Rituximab for autoimmune haemophilia: a proposed treatment algorithm

Abstract

Summary. We previously reported durable complete responses following brief courses of rituximab and prednisone with or without cyclophosphamide in four patients with autoimmune haemophilia and inhibitor titres of 5–60 BU. We report here responses to this monoclonal anti‐CD20 antibody in four additional patients, including two patients with inhibitor titres >200 BU. Factor VIII levels became normal 2–35weeks after 4 or 8 weekly doses of rituximab, brief courses of prednisone and in one patient immunoglobulin. Complete responses are ongoing at 10 months in two patients. Two patients relapsed: a patient whose initial inhibitor titre was 525 BU relapsed at 3.5 months and a long‐term prednisone‐dependent patient at 8.5 months. Both responded to second courses of rituximab and prednisone and are in remission.
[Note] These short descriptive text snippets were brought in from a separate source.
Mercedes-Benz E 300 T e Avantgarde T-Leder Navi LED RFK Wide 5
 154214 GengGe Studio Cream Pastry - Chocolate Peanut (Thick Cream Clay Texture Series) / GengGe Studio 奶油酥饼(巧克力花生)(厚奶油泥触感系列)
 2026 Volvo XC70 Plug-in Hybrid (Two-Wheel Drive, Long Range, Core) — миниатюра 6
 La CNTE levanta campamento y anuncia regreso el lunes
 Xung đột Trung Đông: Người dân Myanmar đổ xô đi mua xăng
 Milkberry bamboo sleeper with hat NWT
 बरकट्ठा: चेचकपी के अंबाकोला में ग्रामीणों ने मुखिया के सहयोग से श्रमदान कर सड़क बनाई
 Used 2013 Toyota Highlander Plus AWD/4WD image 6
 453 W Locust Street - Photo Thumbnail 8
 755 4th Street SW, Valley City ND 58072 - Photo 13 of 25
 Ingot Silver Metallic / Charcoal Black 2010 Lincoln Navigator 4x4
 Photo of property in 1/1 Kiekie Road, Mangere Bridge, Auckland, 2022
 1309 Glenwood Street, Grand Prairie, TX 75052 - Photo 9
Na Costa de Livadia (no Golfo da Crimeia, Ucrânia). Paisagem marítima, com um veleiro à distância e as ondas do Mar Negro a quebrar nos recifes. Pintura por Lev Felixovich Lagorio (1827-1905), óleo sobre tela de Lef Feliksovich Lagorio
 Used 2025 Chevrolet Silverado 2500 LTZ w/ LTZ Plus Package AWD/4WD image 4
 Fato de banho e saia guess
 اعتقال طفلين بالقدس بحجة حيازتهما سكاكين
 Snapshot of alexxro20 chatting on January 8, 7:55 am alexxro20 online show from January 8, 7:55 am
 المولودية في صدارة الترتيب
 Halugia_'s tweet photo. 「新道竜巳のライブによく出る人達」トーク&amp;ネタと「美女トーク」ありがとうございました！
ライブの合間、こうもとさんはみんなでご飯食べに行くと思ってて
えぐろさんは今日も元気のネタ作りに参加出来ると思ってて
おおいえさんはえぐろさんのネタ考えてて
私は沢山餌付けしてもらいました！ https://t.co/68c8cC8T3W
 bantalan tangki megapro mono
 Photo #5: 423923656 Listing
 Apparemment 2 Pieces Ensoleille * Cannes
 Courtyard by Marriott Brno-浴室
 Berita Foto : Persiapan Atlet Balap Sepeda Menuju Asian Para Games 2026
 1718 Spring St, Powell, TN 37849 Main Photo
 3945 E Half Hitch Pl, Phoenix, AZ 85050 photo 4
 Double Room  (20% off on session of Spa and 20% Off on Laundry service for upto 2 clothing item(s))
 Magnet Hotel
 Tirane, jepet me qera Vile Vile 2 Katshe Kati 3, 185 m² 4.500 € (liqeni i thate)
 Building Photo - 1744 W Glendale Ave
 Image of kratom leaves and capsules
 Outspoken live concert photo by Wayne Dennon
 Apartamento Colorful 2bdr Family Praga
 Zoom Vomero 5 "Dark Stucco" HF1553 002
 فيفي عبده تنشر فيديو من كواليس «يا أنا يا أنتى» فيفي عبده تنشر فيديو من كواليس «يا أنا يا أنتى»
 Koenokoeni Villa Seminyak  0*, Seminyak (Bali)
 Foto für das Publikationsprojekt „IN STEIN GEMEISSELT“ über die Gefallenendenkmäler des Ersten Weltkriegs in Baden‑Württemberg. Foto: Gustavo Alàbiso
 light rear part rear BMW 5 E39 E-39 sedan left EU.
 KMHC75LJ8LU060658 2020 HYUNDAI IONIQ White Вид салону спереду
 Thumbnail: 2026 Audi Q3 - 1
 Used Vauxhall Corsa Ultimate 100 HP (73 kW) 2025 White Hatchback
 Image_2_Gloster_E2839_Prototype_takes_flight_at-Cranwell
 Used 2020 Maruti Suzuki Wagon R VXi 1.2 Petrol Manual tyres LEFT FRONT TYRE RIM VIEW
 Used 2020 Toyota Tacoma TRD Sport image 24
Our experience suggests that rituximab is a safe and effective addition to immunosuppression with prednisone and cyclophosphamide to treat autoimmune haemophilia, and may permit early discontinuation or even avoidance of these potentially toxic agents. High‐titre inhibitor patients, however, may require multiple courses of rituximab or the addition of cyclophosphamide. Pending randomized studies, we propose an algorithm based on our experience and other reports for incorporating rituximab in the treatment of this rare disorder.